La discusión nacional sobre la decisión colombiana de denunciar el Pacto de Bogotá, un pacto que buscaba inicialmente reforzar el compromiso de la región con la resolución pacífica de controversias y del que Colombia fue uno de sus principales artífices y promotores, ha girado principalmente alrededor de los efectos legales de dicha decisión. Sin embargo, el debate sobre las consecuencias en materia de política exterior aún es marginal y por eso quisiera retomarlo aquí.
Para empezar, la decisión del gobierno es el inicio de lo que seguramente será un contundente proceso de retraimiento de la inserción internacional del país. Este gobierno prometió al iniciar su mandato, un regreso a la comunidad regional e internacional a través de una política exterior respetuosa con sus vecinos y mucho más atenta a las preocupaciones de la comunidad internacional; menos hostil con los organismos internacionales y en general, más proactiva y por qué no decirlo, más amigable.
Algunos nos alcanzamos a ilusionar. Aunque en varios momentos diversos analistas sugerimos que el proceso de reacercamiento al sistema internacional era superficial y con un horizonte y unos objetivos poco definidos, al menos se estaban dando unos primeros tumbos.
Pero la actitud y las decisiones que ha tomado el gobierno en reacción al fallo de la Corte Internacional de Justicia significan un retroceso de grandes proporciones. Es, en síntesis y para ponerlo claro, el regreso al estilo Uribe de hacer política exterior: el regreso a la retórica nacionalista y recalcitrante, casi reaccionaria, cortoplacista e improvisada. Una retórica que define una corte internacional abiertamente como un enemigo y que en formas ambiguas y soterradas llama a la desobediencia.
Es la retórica de un gobierno bravucón e inconsistente que tiene las agallas para enfrentarse y desafiar una Corte, pero no tiene ni pizca de valentía cuando se trata de enfrentar a Estados Unidos (e Israel) y votar por el reconocimiento de Palestina como país observador en Naciones Unidas. Allí el bravucón se volvió tibio y temeroso y opto por la abstención.
Claramente, es lo que muchos en Colombia quieren escuchar pero afuera no es bien recibido. Es un discurso plagado de falsedades y declaraciones destinadas a confundir a la opinión nacional sobre las verdaderas opciones que tiene el país frente al fallo; que otra vez está poniendo distancia entre los vecinos (cercanos y distantes) y nosotros; y que está creando un precedente nada bienvenido en una región que se ha caracterizado históricamente por resolver sus diferencias a las buenas, a través de la negociación bilateral, y cuando esta falla, a través del arbitraje.
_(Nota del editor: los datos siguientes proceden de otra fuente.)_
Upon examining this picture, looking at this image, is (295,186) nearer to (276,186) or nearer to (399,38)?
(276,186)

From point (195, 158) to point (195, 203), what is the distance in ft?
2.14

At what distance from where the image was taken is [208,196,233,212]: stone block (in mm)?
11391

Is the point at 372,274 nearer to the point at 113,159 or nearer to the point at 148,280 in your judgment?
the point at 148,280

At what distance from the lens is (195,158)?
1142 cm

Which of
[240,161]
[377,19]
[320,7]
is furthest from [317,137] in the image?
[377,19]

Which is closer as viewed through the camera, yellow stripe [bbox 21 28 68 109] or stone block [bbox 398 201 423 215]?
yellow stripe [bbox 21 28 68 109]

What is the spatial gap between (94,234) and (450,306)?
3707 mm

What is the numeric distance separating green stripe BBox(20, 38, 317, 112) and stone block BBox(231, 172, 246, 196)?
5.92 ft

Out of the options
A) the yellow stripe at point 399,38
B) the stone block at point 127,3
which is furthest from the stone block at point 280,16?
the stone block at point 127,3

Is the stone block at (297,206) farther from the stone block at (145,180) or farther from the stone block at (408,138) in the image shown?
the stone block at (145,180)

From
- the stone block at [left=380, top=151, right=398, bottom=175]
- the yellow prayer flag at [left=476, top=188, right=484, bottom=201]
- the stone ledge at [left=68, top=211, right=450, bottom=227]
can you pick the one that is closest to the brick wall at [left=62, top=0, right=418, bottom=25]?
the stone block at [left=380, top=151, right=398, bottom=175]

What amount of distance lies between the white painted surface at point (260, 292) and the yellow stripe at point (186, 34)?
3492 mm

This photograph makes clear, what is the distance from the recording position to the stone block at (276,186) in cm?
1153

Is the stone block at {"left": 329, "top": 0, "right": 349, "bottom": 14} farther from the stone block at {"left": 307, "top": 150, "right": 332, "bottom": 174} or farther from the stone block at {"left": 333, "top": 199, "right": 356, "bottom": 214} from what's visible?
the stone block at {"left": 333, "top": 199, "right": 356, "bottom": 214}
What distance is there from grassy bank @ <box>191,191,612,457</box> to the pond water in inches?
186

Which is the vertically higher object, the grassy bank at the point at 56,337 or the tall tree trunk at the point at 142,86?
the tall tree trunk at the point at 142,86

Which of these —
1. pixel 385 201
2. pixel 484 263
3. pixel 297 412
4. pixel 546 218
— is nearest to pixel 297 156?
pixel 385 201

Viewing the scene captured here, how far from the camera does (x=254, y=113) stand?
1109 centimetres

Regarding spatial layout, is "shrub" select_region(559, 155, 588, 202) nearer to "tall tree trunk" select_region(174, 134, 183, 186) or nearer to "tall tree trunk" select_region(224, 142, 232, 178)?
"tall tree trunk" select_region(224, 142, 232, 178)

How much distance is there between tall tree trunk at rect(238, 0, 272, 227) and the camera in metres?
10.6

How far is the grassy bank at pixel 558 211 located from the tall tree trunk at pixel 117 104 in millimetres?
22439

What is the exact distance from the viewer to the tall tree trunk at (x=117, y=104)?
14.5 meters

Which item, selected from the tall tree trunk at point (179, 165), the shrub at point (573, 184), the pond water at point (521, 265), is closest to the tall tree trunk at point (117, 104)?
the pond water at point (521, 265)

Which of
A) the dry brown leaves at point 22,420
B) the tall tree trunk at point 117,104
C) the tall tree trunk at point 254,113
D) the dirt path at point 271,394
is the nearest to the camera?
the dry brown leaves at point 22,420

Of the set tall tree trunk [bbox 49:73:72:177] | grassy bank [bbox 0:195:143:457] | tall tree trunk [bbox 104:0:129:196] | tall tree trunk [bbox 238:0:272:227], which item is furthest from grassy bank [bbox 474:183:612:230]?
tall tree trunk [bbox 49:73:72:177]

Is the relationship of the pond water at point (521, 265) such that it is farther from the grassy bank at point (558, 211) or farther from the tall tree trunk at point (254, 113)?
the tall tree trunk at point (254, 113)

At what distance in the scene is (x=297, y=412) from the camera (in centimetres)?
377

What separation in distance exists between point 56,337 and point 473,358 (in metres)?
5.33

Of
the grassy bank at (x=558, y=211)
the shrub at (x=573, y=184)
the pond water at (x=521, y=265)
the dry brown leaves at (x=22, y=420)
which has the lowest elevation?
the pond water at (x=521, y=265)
Ya el Presidente Piñera de Chile sugirió que no aceptará un fallo salomónico de la Corte en su diferendo con Perú. De nuevo, flaco favor le está haciendo Colombia a la región con su posición.
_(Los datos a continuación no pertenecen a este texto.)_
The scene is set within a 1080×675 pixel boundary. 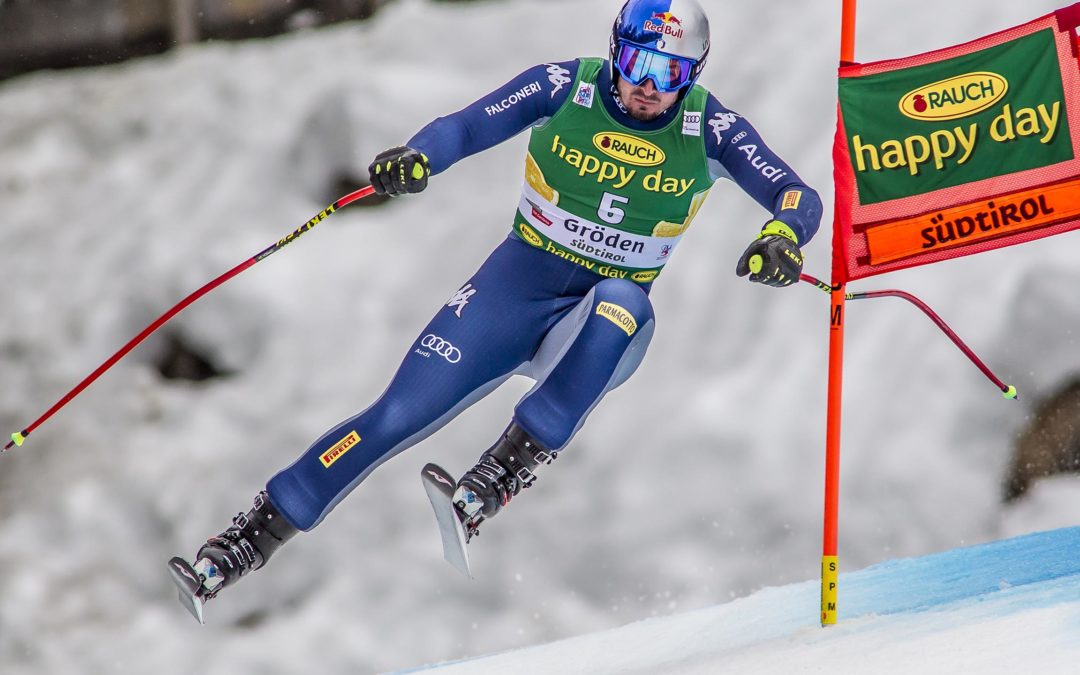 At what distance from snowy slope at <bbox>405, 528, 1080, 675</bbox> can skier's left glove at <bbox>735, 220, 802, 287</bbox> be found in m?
0.97

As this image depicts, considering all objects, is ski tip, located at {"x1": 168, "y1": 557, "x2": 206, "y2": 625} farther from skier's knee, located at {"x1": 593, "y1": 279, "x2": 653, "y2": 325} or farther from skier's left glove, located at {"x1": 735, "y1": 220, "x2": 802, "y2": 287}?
skier's left glove, located at {"x1": 735, "y1": 220, "x2": 802, "y2": 287}

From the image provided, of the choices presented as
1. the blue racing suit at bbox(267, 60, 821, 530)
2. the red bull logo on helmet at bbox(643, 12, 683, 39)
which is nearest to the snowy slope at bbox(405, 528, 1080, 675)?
the blue racing suit at bbox(267, 60, 821, 530)

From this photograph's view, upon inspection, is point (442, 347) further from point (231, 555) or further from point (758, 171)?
point (758, 171)

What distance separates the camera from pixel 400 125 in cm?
789

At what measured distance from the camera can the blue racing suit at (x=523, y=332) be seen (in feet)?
11.6

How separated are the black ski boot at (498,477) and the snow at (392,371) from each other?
2.66 m

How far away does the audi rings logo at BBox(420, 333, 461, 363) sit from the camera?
3645 millimetres

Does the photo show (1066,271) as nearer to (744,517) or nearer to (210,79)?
(744,517)

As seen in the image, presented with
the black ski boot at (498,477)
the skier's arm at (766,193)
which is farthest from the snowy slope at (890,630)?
the skier's arm at (766,193)

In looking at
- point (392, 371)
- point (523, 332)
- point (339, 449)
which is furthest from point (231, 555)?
point (392, 371)

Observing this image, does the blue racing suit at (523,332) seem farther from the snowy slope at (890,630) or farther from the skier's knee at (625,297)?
the snowy slope at (890,630)

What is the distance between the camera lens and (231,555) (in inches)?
142

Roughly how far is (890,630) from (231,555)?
5.97ft

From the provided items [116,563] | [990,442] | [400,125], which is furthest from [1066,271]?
[116,563] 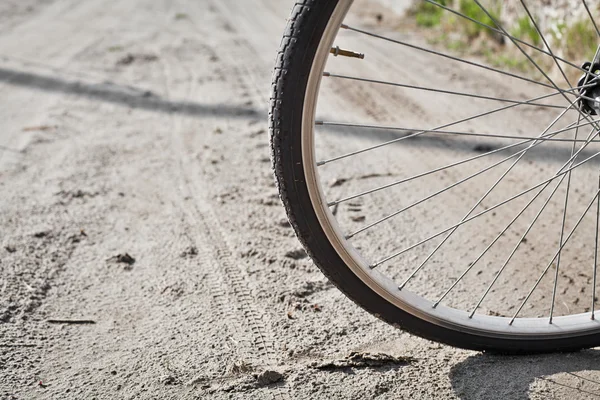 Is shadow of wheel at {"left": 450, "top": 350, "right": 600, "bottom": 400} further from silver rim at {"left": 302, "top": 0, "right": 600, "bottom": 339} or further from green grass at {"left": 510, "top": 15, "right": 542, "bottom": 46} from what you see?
green grass at {"left": 510, "top": 15, "right": 542, "bottom": 46}

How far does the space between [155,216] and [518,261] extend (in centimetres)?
154

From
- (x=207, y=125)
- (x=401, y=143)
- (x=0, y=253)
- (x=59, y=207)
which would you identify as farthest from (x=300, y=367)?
(x=207, y=125)

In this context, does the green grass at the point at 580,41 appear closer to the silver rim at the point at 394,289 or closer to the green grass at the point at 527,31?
the green grass at the point at 527,31

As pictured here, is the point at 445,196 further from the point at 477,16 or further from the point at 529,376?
the point at 477,16

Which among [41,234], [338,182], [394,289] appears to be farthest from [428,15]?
[394,289]

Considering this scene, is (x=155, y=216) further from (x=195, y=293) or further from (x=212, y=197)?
(x=195, y=293)

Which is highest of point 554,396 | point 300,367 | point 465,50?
point 465,50

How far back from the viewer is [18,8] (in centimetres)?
854

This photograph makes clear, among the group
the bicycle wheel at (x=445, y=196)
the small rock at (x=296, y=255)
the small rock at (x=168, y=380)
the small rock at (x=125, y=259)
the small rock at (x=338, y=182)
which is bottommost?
the small rock at (x=125, y=259)

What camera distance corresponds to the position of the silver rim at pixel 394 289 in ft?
4.96

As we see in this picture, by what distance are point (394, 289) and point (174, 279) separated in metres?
0.91

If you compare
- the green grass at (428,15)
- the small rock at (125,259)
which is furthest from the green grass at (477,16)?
the small rock at (125,259)

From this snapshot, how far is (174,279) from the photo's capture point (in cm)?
225

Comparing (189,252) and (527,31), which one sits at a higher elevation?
(527,31) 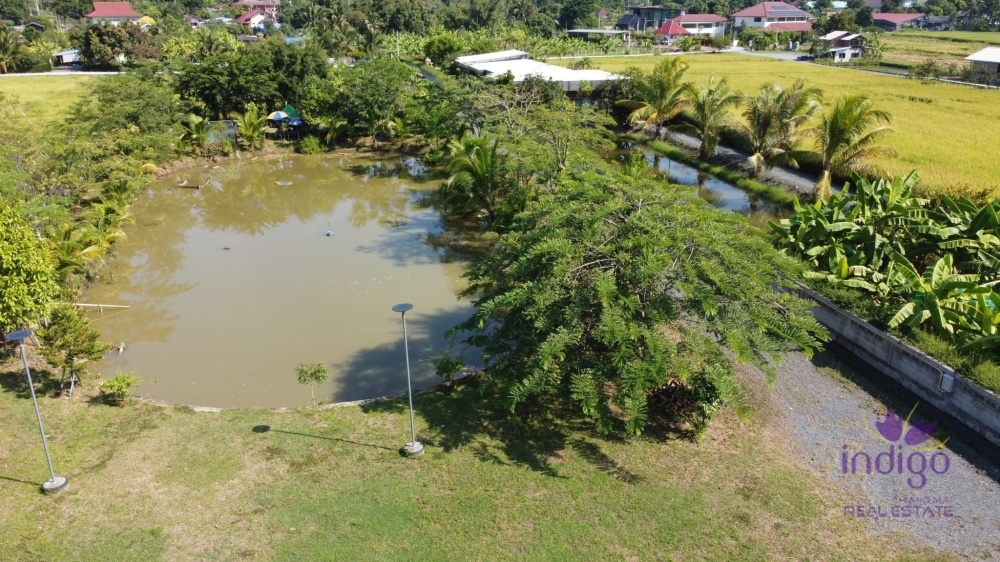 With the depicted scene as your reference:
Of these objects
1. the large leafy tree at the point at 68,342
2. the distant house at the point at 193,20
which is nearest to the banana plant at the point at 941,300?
the large leafy tree at the point at 68,342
Como es apenas obvio, la reacción del gobierno frente al fallo no es otra cosa que la firma del acta de defunción del proyecto de liderazgo regional que intentó gestionar el presidente Santos. No se puede ser rogue y líder al mismo tiempo.
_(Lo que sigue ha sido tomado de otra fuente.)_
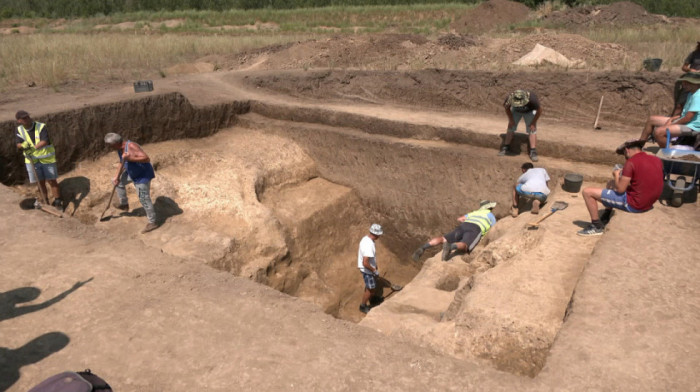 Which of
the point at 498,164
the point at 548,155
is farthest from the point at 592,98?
the point at 498,164

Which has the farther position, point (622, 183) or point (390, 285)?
point (390, 285)

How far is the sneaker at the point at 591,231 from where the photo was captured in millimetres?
5941

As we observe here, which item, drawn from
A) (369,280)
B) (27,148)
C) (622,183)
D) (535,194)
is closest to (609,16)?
(535,194)

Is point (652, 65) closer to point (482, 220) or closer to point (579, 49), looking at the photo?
point (579, 49)

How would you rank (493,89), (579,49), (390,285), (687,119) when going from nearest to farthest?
(687,119)
(390,285)
(493,89)
(579,49)

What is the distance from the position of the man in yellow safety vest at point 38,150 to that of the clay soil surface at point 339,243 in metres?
0.72

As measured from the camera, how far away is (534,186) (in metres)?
7.50

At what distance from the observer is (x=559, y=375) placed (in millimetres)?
3539

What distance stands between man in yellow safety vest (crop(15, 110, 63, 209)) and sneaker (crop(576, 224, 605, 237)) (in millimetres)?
7953

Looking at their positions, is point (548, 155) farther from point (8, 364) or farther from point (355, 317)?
point (8, 364)

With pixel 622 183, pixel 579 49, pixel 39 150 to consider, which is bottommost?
pixel 39 150

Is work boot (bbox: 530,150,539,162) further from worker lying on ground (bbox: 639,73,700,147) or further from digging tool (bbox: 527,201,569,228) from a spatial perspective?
worker lying on ground (bbox: 639,73,700,147)

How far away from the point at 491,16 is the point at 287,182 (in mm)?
17912

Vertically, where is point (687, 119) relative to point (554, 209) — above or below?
above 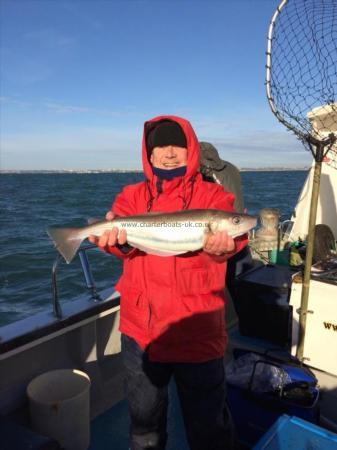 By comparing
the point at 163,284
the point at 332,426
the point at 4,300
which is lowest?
the point at 4,300

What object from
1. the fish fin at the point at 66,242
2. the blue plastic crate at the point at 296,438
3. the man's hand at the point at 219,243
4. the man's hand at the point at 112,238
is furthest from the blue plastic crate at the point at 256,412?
the fish fin at the point at 66,242

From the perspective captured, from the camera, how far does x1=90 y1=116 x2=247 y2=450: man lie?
118 inches

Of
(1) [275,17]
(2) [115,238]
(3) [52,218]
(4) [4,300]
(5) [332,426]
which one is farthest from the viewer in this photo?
(3) [52,218]

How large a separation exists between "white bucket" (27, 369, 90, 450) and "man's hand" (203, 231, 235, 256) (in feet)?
6.61

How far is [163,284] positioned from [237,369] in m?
1.71

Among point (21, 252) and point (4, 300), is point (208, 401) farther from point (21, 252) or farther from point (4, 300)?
point (21, 252)

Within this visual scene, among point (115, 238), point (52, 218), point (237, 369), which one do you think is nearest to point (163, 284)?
point (115, 238)

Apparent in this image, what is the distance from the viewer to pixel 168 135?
3.32m

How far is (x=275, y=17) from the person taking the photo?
12.5ft

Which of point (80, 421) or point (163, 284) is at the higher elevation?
point (163, 284)

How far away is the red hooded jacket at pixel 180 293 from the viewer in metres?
2.98

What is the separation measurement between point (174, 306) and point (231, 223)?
777 millimetres

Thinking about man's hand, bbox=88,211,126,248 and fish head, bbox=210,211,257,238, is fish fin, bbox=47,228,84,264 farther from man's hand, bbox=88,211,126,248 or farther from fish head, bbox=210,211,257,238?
fish head, bbox=210,211,257,238

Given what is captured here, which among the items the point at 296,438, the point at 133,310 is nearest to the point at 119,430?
the point at 133,310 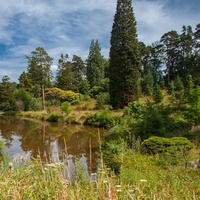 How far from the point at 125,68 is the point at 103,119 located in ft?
22.7

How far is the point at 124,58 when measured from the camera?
2272 centimetres

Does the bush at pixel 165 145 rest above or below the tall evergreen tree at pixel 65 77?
below

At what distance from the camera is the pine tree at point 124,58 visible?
22359 millimetres

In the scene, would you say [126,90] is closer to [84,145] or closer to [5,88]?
[84,145]

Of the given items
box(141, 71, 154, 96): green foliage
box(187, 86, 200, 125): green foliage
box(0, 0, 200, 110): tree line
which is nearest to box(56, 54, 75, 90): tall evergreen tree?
box(0, 0, 200, 110): tree line

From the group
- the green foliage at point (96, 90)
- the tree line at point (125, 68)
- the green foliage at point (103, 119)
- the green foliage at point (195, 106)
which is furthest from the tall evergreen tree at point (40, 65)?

Lo paradójico del asunto es que a juzgar por las encuestas, el gobierno colombiano puede haberse quedado sin lograr nada: de un lado, el discurso patriotero no vendió e igual los índices de popularidad del presidente se desplomaron gracias al fallo, y de otro, las aspiraciones de liderazgo regional e internacional se desvanecieron ante la decisión de Santos de usar un discurso desafiante del derecho internacional para intentar evadir el costo político de la decisión de la Corte. El gobierno se quedó sin el pan de la popularidad nacional y sin el queso del liderazgo internacional.